Jovem "puxa gato" e morre eletrocutado: reflexões sobre o jeitinho brasileiro

Por: Bruno Alvarenga Ribeiro.

Neste domingo 15 de abril de 2012 um jovem de 14 anos morreu eletrocutado depois de tentar “puxar um gato” da rede elétrica em Esmeraldas, cidade situada na região metropolitana de Belo Horizonte. Clique aqui para ver reportagem. Certamente o que o jovem estava fazendo é um crime. Não sei nada sobre direito, mas imagino que deve existir algum tipo de punição para estes casos, principalmente porque a parte lesada seria a poderosa CEMIG.


Cabe uma análise da situação? Sim, certamente. Tentemos imaginar porque um jovem de 14 anos estava roubando energia da rede elétrica. Poderíamos levantar várias hipóteses. Uma hipótese plausível é o famoso “jeitinho brasileiro”. Brasileiro tem um jeito para todo tipo de situação. Este é um comportamento que é parte da cultura do nosso país. Ser brasileiro quase que virou sinônimo de fazer de tudo para dar jeito em qualquer tipo de situação. Ser brasileiro é praticamente sinônimo de tirar alguma vantagem em cima dos outros.
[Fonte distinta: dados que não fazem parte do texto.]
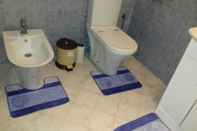 Toilet Kamar Marina Beach  Private Pool&Beach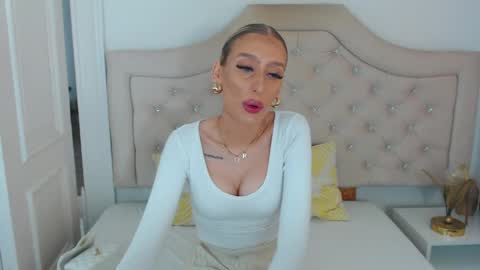 Snapshot of kissnatalie chatting on May 2026 09:49:02 AM Natalie online show from May 2026 09:49:02 AM
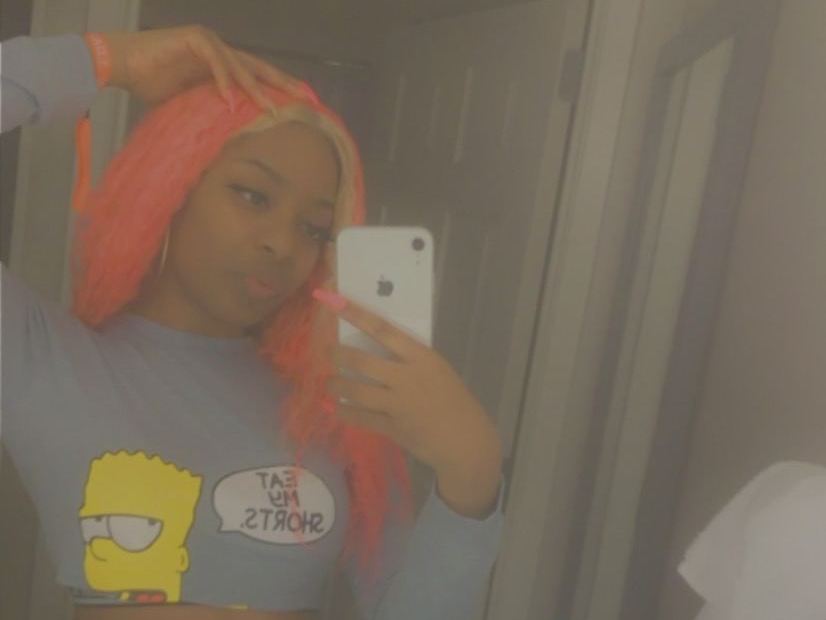 Image de profil du modèle de webcam CherryBombDiamond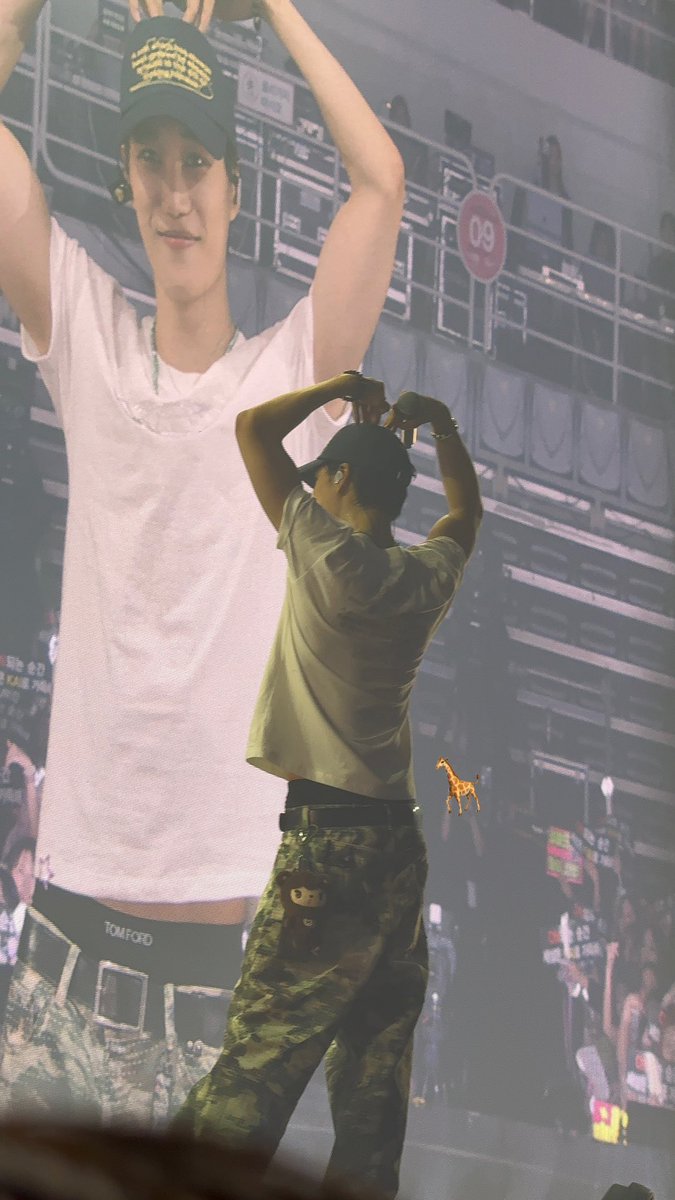 IT3OYKAI's tweet photo. JONGIN AND HIS NINI BEAR https://t.co/hnp9btaAhz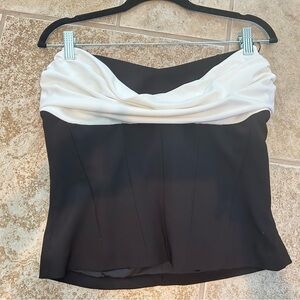 Zara black/white sleeveless top, NWT, size Large, side zip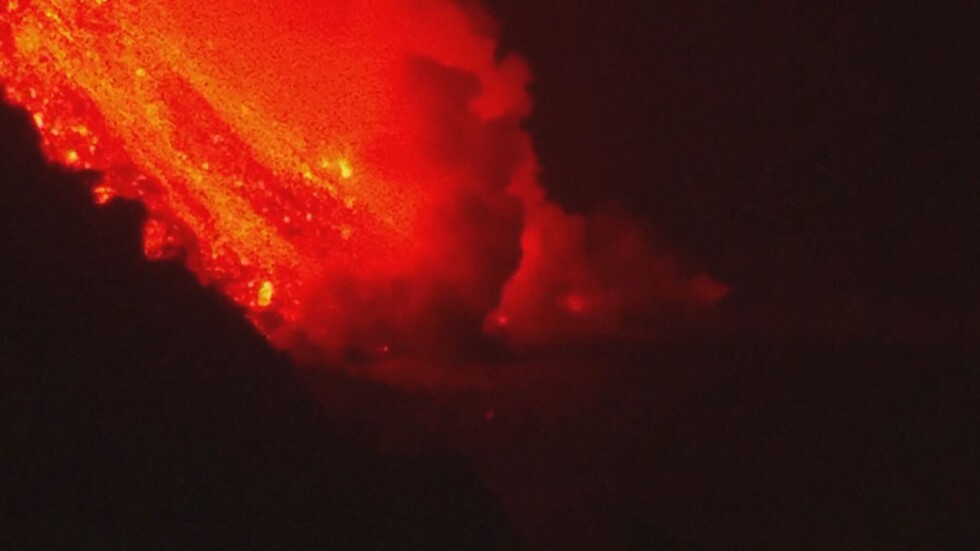 Вулканът на Ла Палма: Лавата достигна океана, може да има експлозии (ВИДЕО)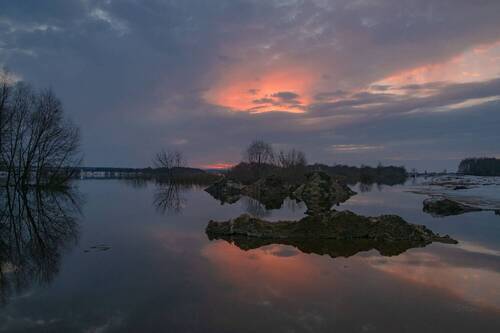 Конец марта.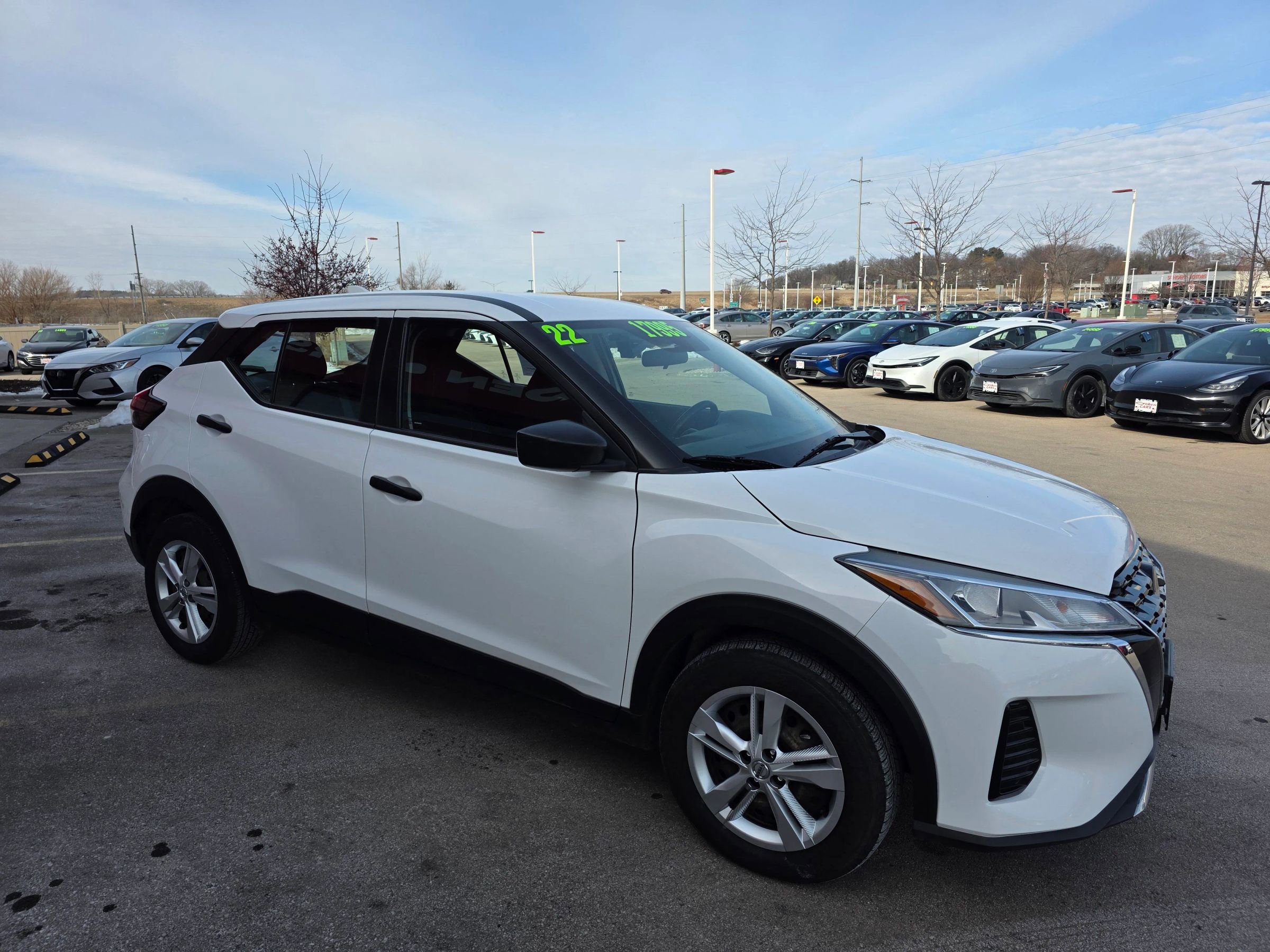 Used 2022 Nissan Kicks S FWD image 3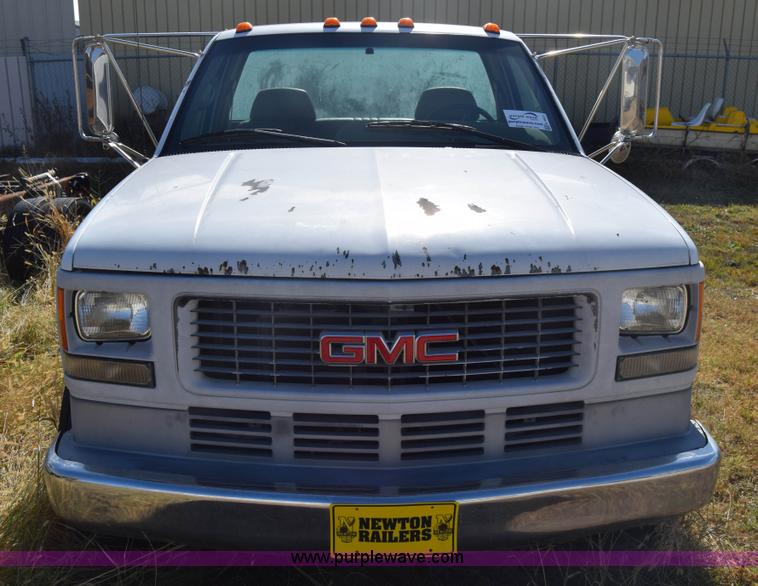 1995 GMC Sierra 3500HD pickup truck cab and chassis in Newton, KS ...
E a mídia reforça bastante este tipo de comportamento chamando-nos de guerreiros para que compremos cerveja, para que nos sintamos mobilizados a deixar em dia nosso título de eleitor, blá, blá, blá etc e tal. Fico aqui pensando com os meus botões se os maiores interessados neste padrão comportamental não são nossos políticos corruptos. Se tudo pode ser feito para tirar vantagem, não há problema algum em desviar alguns milhões de recursos públicos para a própria conta em paraísos fiscais.

Talvez queiram banalizar a cultura do “jeitinho brasileiro” para que tudo que se faça seja aceitável, inclusive o desvio de alguns milhões de recursos públicos que quando desviados deixam de serem investidos na saúde, educação, lazer, pesquisas científicas etc. Uma vez que acreditemos que é normal tirar vantagem em cima do outro, passamos a aceitar quase qualquer tipo de situação sem muita indignação. Assim criam-se contingências que diminuem a probabilidade de comportamentos de contracontrole, fazendo com que sejamos bons cordeirinhos e não nos rebelemos contra o cabresto que nos é imposto.

Tomando a cultura do “jeitinho brasileiro” como normal, deixamos inclusive de nos rebelarmos contra uma CEMIG que tem a tarifa de energia mais cara do país. Aceitamos sem muita rebeldia as tarifas que nos são impostas. Os que não aceitam tentam “puxar um gato” arriscando a própria vida. Então outra hipótese plausível para o comportamento de “puxar um gato” é que este é uma forma de contracontrole, de roubar de quem rouba primeiro, neste caso quem rouba primeiro é a concessionária de energia, que recebe todo o respaldo do governo do estado para nos assaltar com suas tarifas exorbitantes. Mas este é um comportamento de contracontrole -  comportamento que tenta eliminar uma fonte de estimulação aversiva - pouco efetivo, pois, além de colocar a vida em risco pode ser enquadrado como crime. Além do mais não contribui para a mudança das contingências de reforço, de modo que possam ocorrer alterações na legislação, alterações que poderiam modificar a tarifação de energia e outros serviços públicos.

Fica a pergunta: ao acreditarmos na “normalidade” do “jeitinho brasileiro” quem acaba saindo perdendo?